Excerpted data:
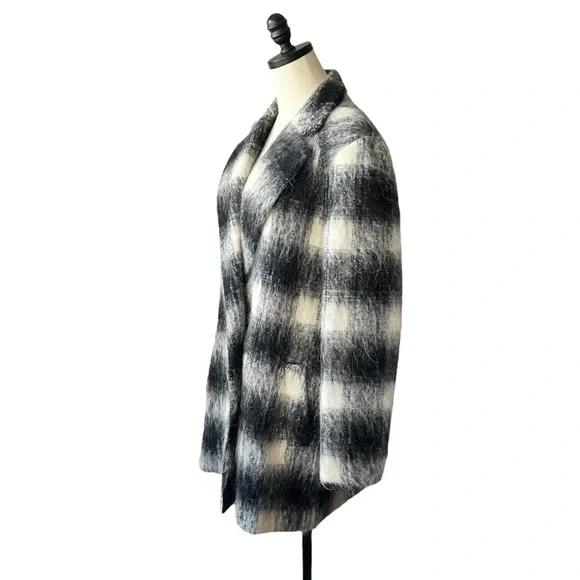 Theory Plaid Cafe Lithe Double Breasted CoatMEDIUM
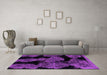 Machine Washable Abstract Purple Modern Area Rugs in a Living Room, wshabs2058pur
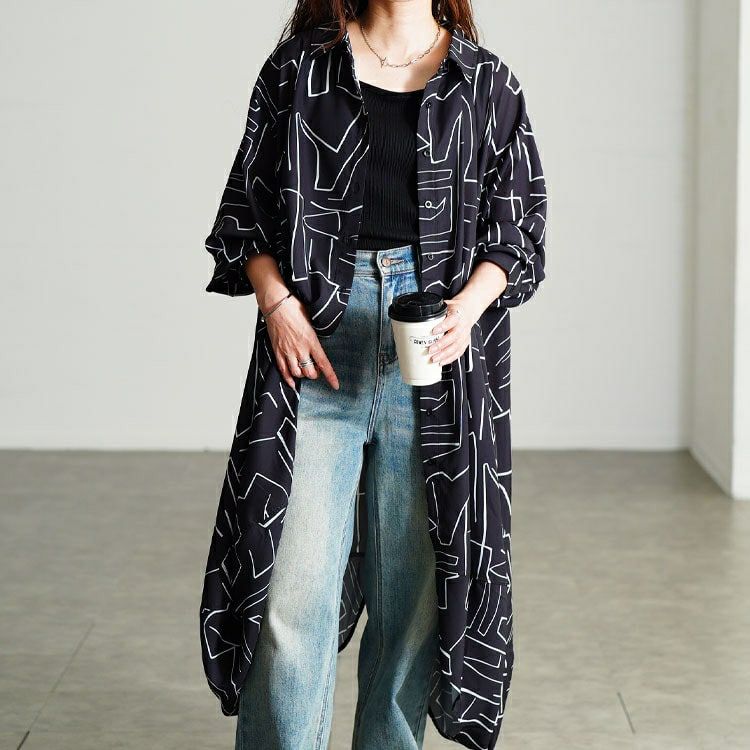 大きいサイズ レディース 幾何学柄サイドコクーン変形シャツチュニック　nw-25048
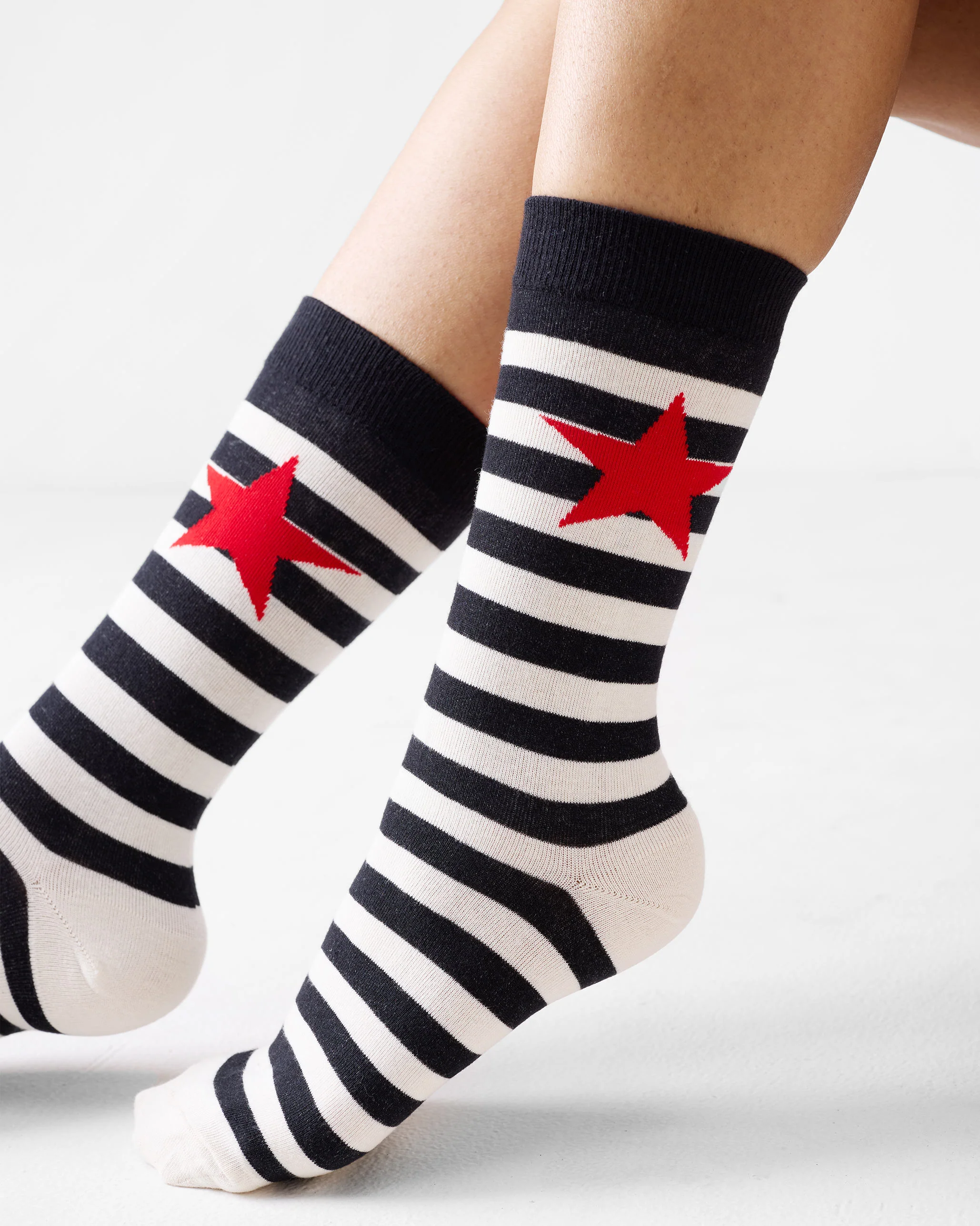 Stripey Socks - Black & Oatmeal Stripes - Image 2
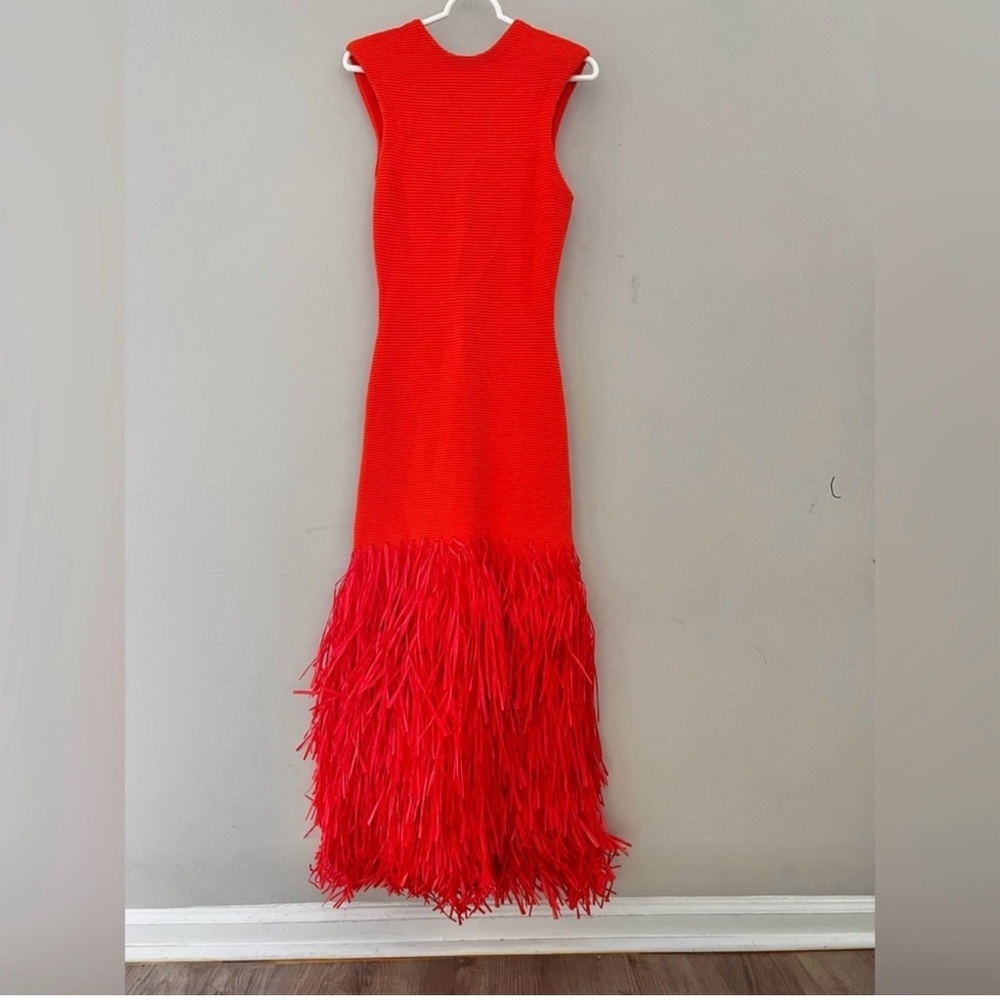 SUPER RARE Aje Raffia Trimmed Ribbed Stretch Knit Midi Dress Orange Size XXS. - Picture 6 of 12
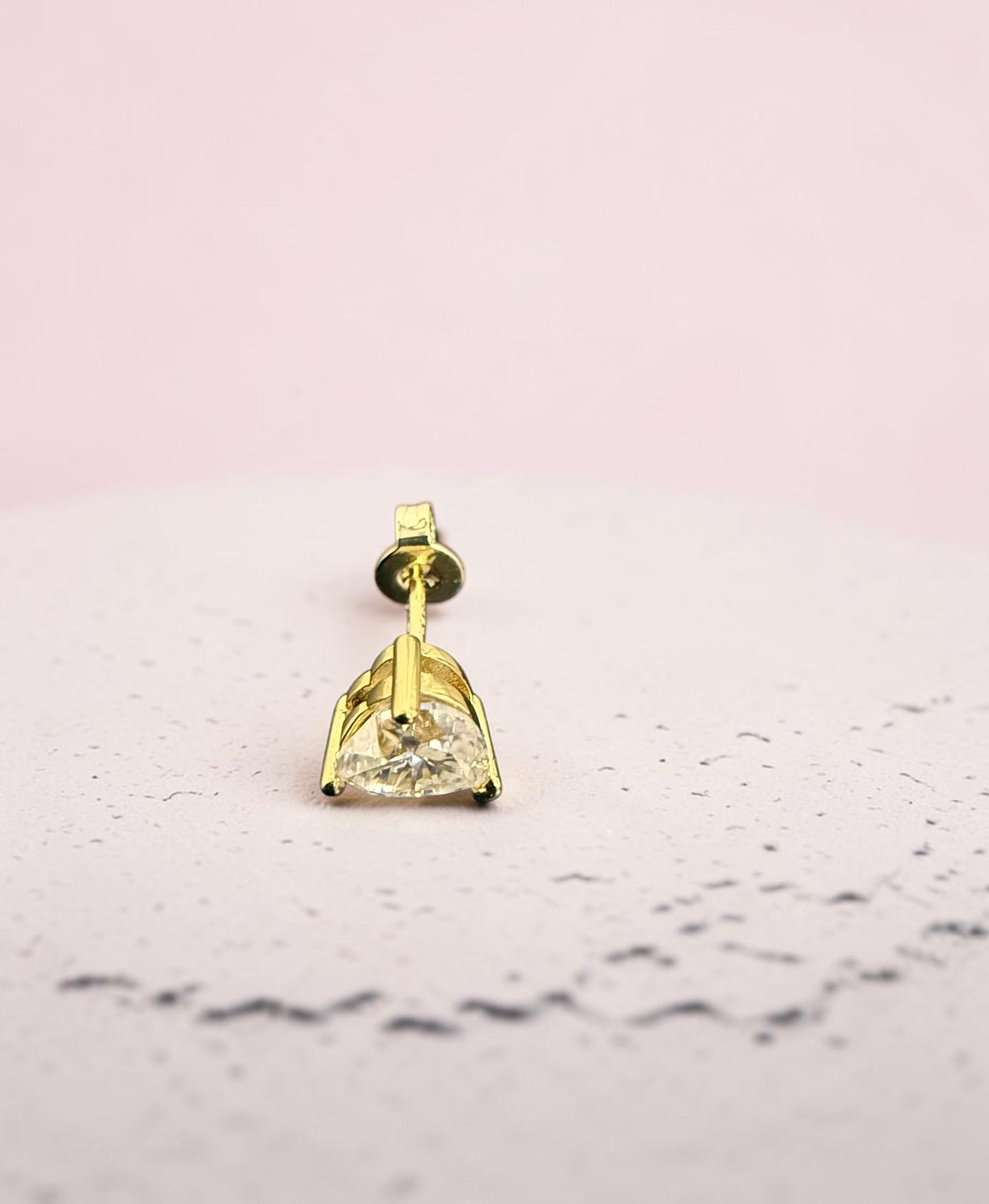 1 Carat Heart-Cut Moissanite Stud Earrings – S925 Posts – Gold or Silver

Exercise goal:
With pictures omitted, restate exactly every line from the one containing "SUPER RARE Aje" through the last line of the material, inclusive.

Finished exercise:
 SUPER RARE Aje Raffia Trimmed Ribbed Stretch Knit Midi Dress Orange Size XXS. - Picture 6 of 12
 1 Carat Heart-Cut Moissanite Stud Earrings – S925 Posts – Gold or Silver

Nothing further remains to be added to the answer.